*Supplied material*.
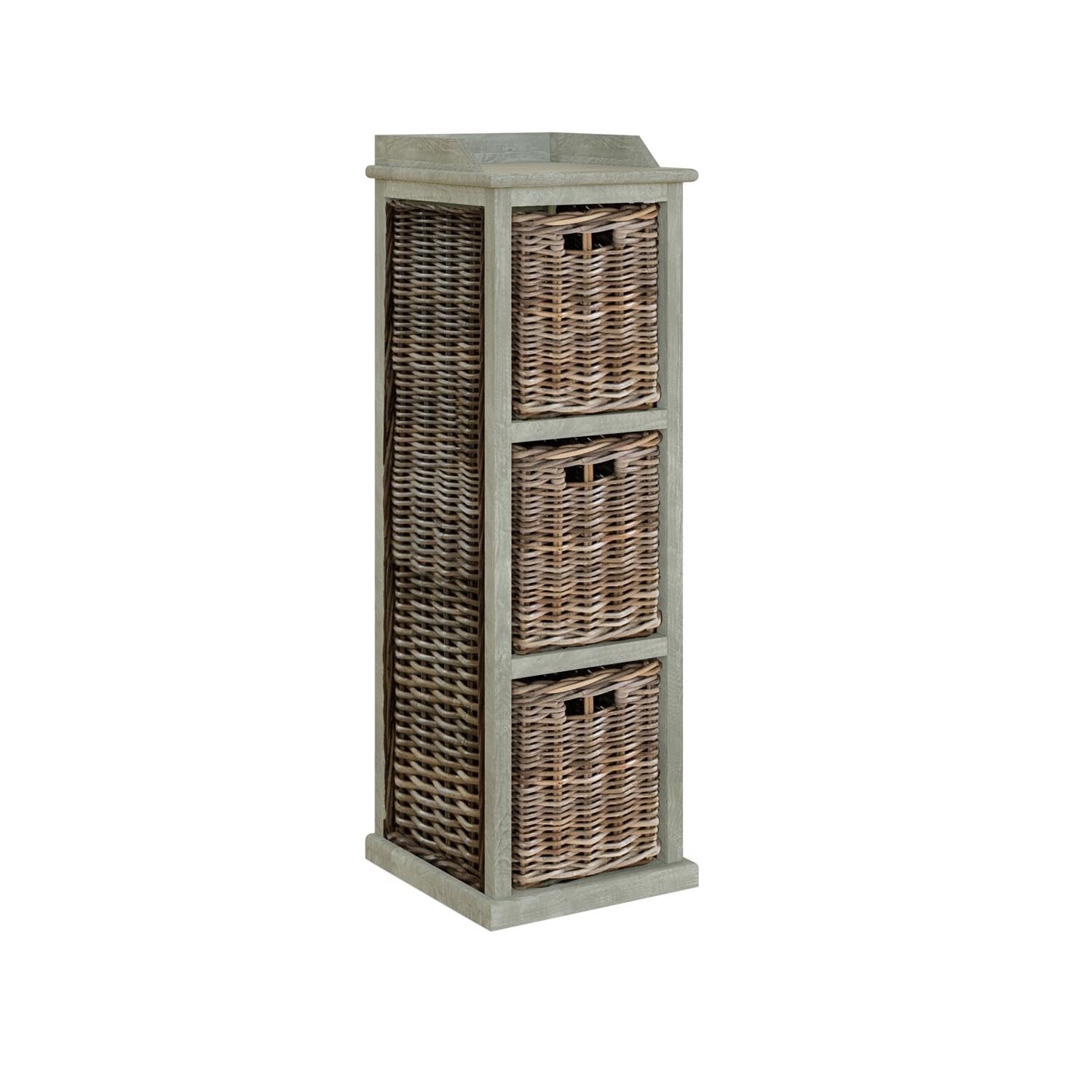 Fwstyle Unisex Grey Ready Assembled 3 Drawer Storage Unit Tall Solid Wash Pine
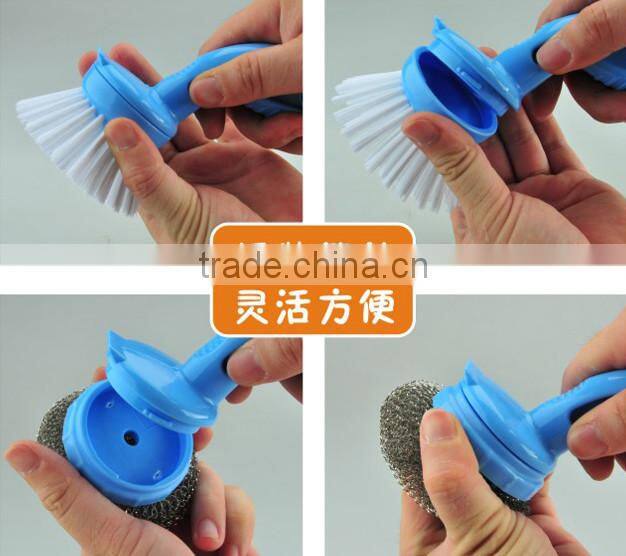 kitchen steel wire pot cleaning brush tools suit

==

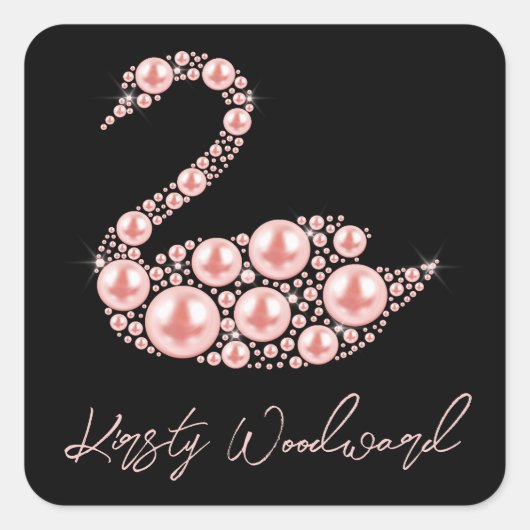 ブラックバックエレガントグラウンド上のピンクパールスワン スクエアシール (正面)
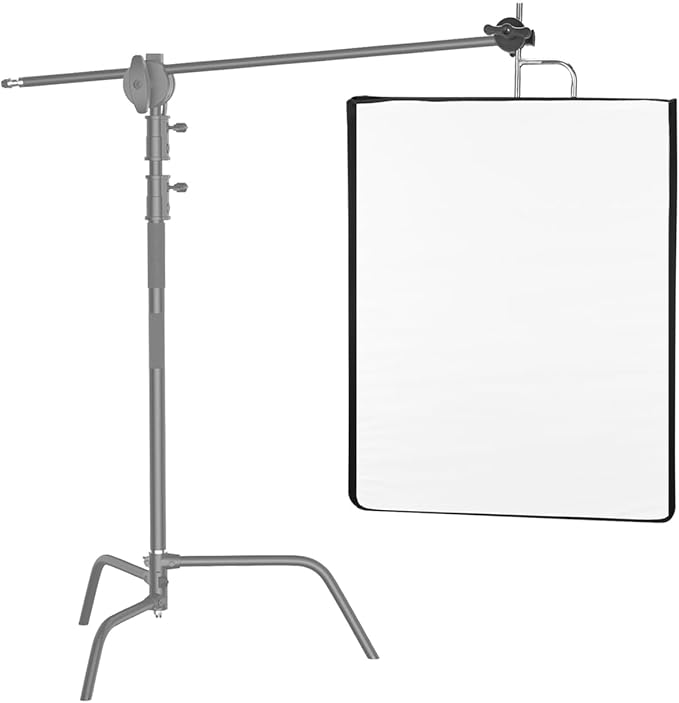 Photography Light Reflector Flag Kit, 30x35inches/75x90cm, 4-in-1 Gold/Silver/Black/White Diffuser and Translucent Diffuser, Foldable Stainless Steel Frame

*Required work*. Set down again, exactly, every line above from the one with "Fwstyle Unisex Grey" down to the one with "kitchen steel wire", both ends included. No pictures, and nothing else.

*Answer to the exercise*.
 Fwstyle Unisex Grey Ready Assembled 3 Drawer Storage Unit Tall Solid Wash Pine
 kitchen steel wire pot cleaning brush tools suit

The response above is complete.